* _Work to complete_:
Pictures stay out; everything else in the listing below is to be restated word for word.

* _Data shown_:
* * *
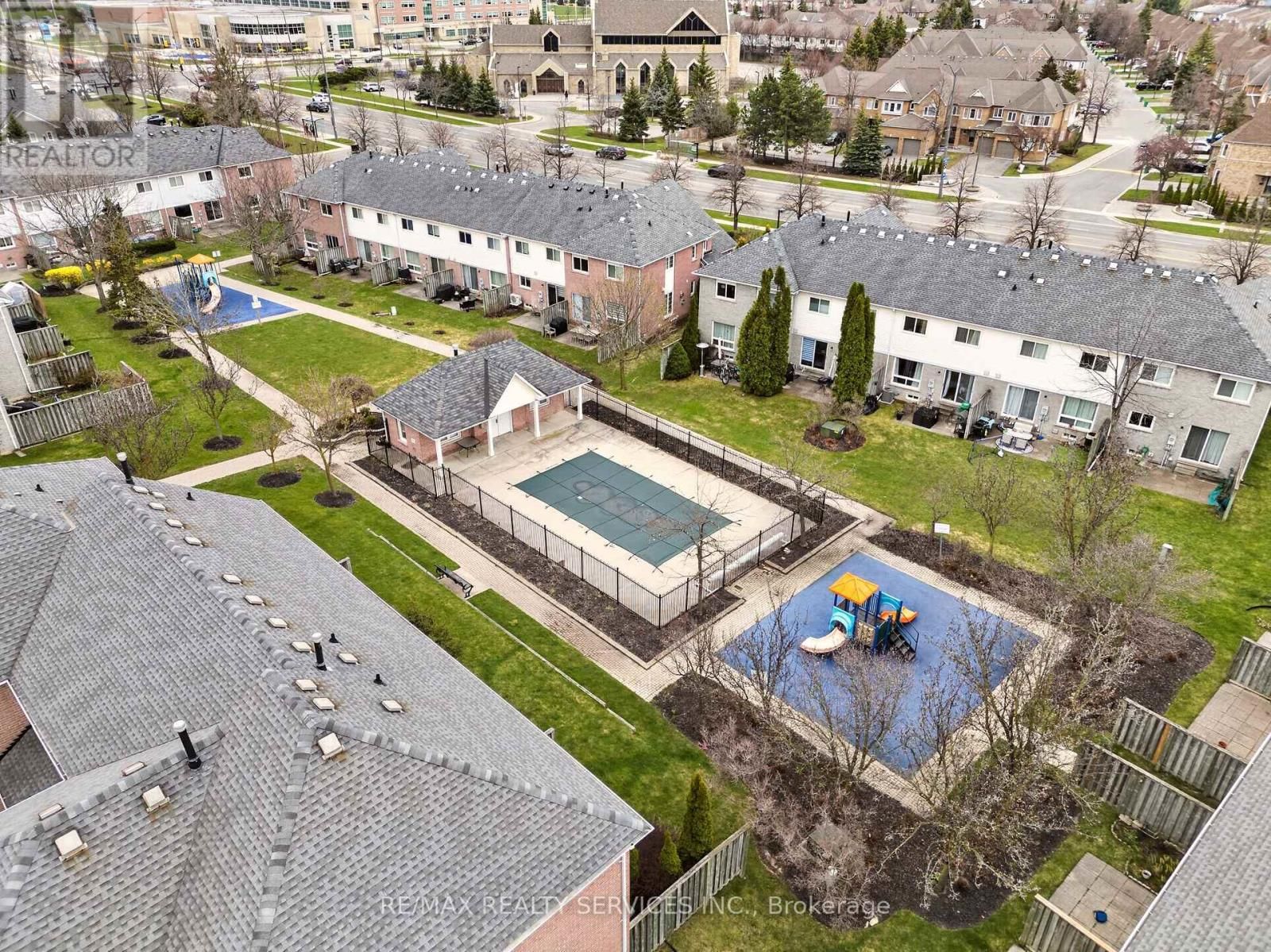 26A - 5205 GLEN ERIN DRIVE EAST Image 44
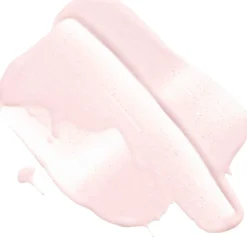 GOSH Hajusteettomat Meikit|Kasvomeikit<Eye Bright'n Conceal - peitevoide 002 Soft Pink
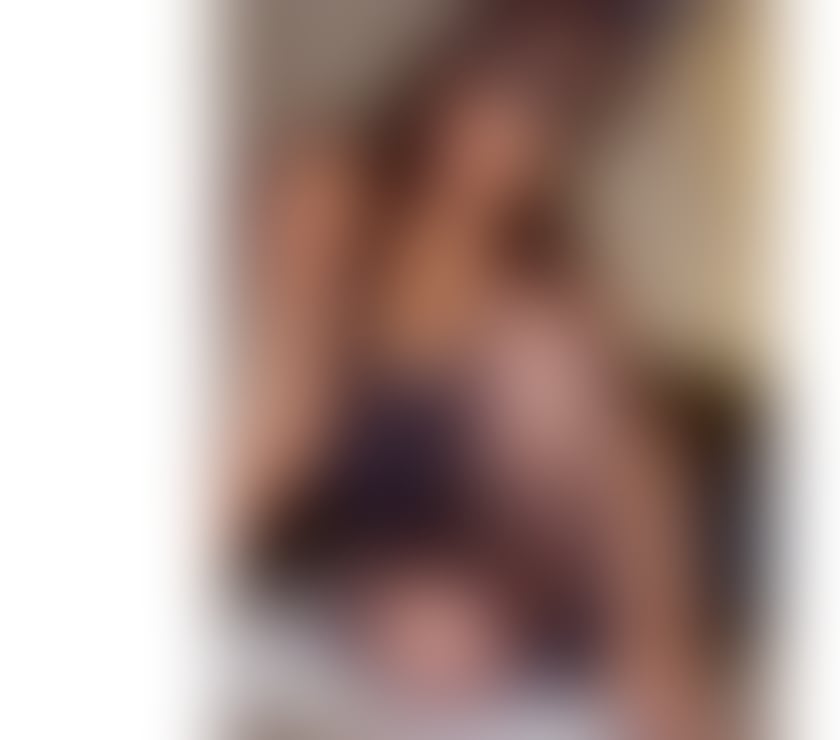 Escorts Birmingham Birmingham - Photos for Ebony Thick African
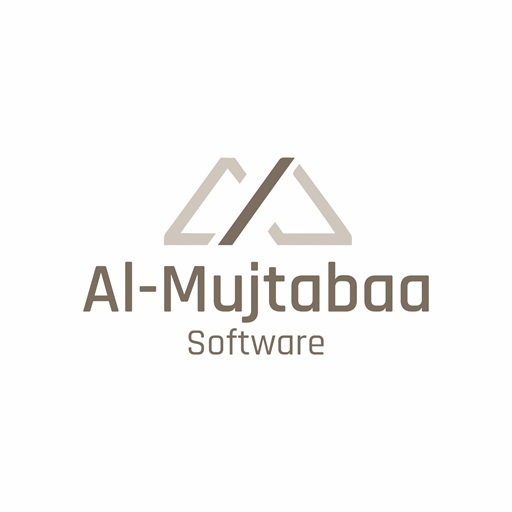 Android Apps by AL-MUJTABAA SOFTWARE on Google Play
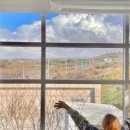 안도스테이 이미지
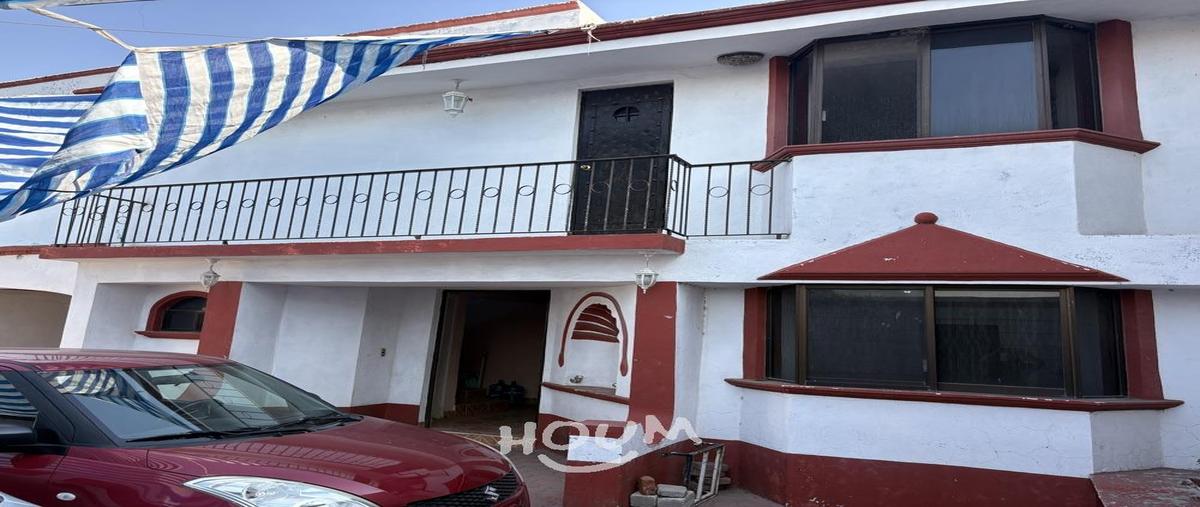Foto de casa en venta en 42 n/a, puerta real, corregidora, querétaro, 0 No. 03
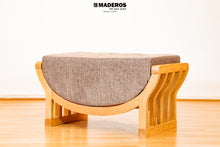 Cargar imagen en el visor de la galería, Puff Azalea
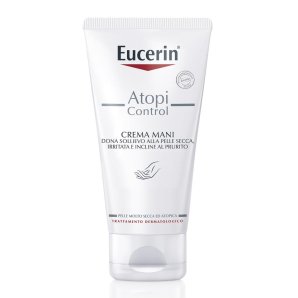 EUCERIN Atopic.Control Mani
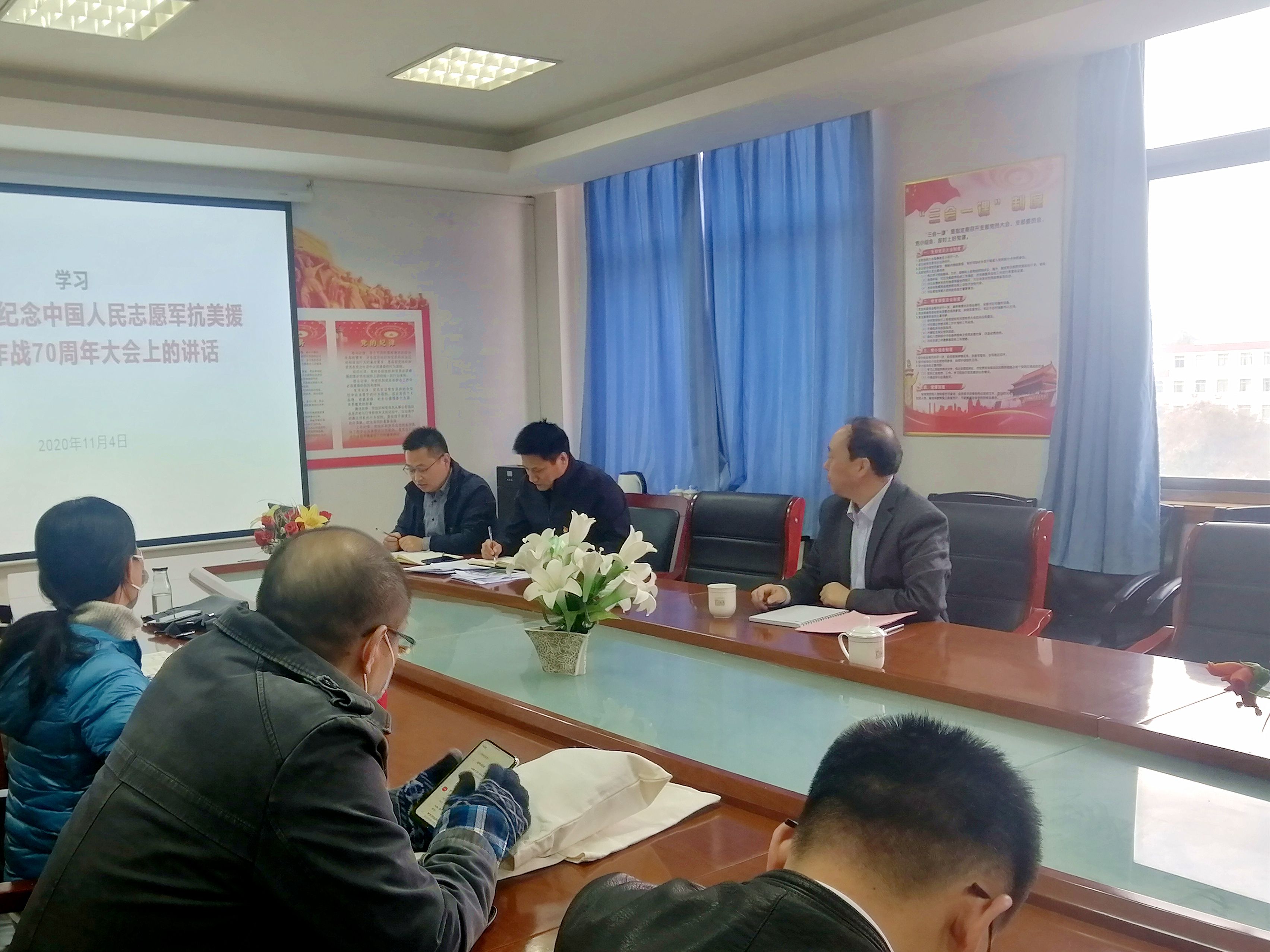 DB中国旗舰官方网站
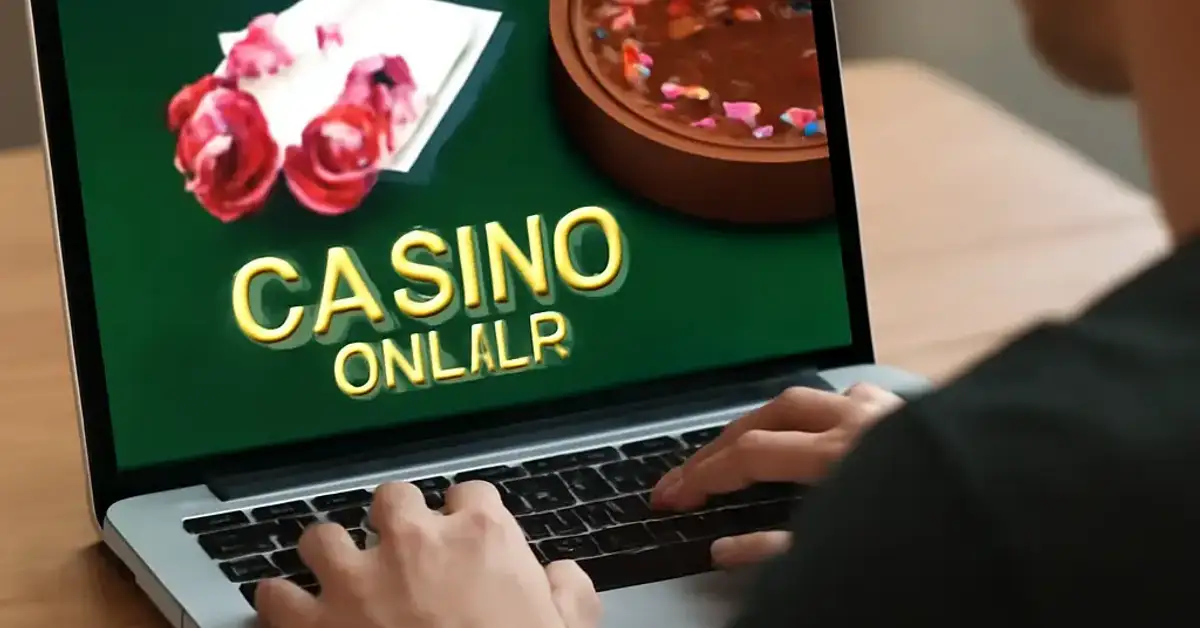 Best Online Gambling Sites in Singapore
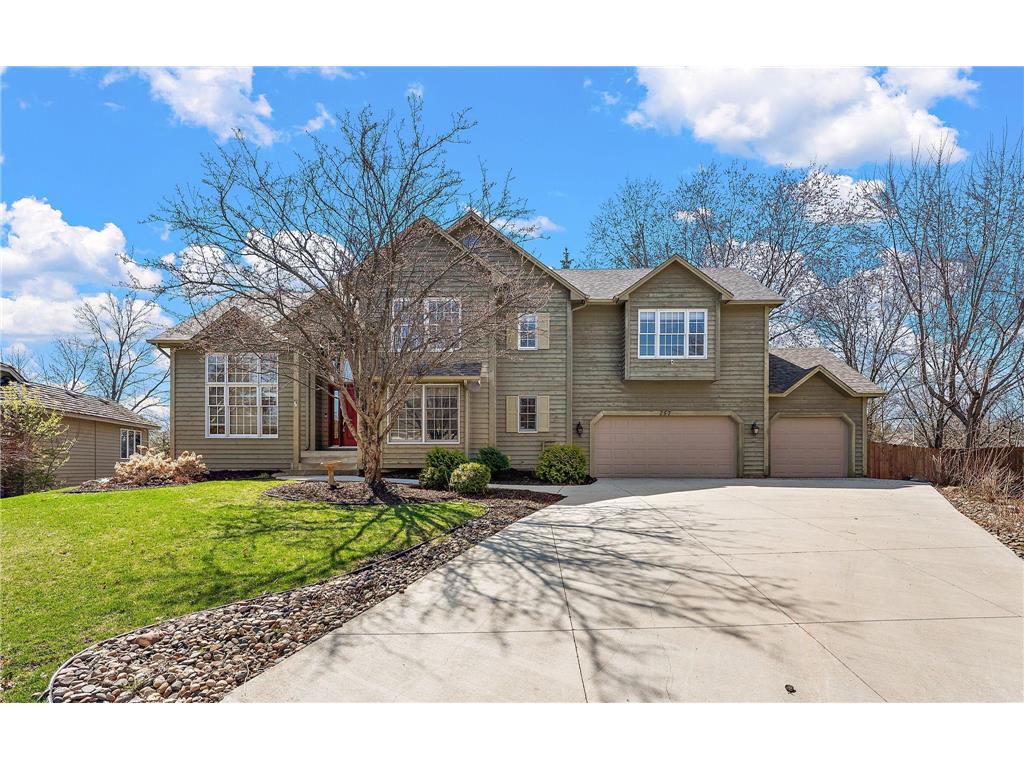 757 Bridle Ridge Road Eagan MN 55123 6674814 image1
* * *
* _Written solution_:
 26A - 5205 GLEN ERIN DRIVE EAST Image 44
 GOSH Hajusteettomat Meikit|Kasvomeikit<Eye Bright'n Conceal - peitevoide 002 Soft Pink
 Escorts Birmingham Birmingham - Photos for Ebony Thick African
 Android Apps by AL-MUJTABAA SOFTWARE on Google Play
 안도스테이 이미지
Foto de casa en venta en 42 n/a, puerta real, corregidora, querétaro, 0 No. 03
 Cargar imagen en el visor de la galería, Puff Azalea
 EUCERIN Atopic.Control Mani
 DB中国旗舰官方网站
 Best Online Gambling Sites in Singapore
 757 Bridle Ridge Road Eagan MN 55123 6674814 image1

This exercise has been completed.